-- DESCRIPTION OF THE TASK --
Restate the data word for word. Leave the pictures out.

-- DATA SECTION --
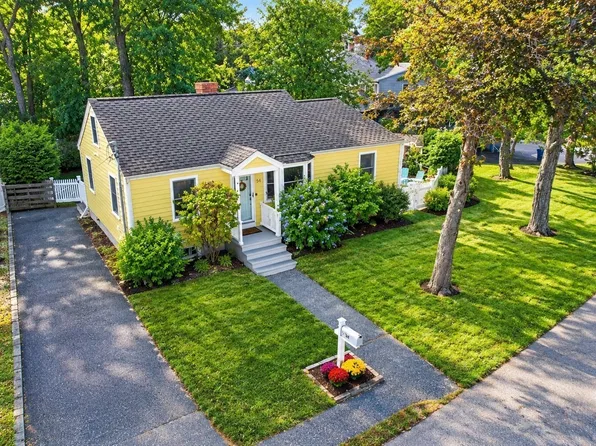 54 Joclyn Ave, Framingham, MA 01701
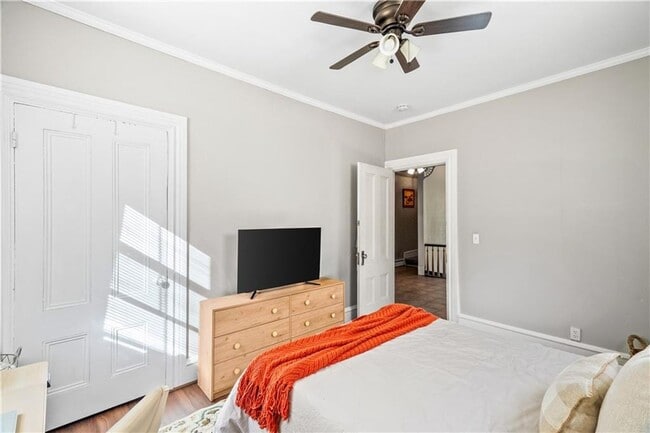 Building Photo - 563 Putnam Pike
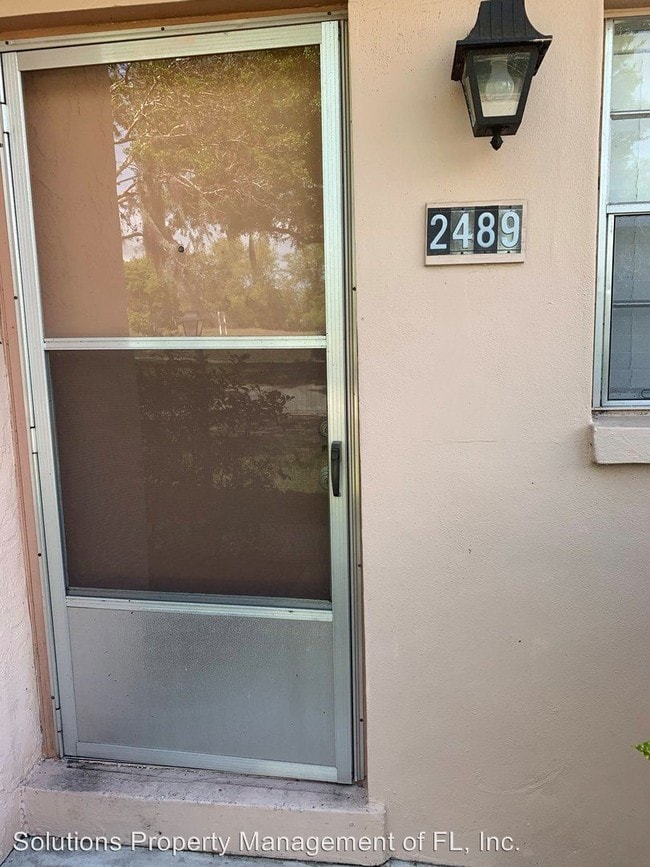 Building Photo - 2 br, 1.5 bath House - 2489 Country Club Dr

-- SOLUTION TO THIS TASK --
 54 Joclyn Ave, Framingham, MA 01701
 Building Photo - 563 Putnam Pike
 Building Photo - 2 br, 1.5 bath House - 2489 Country Club Dr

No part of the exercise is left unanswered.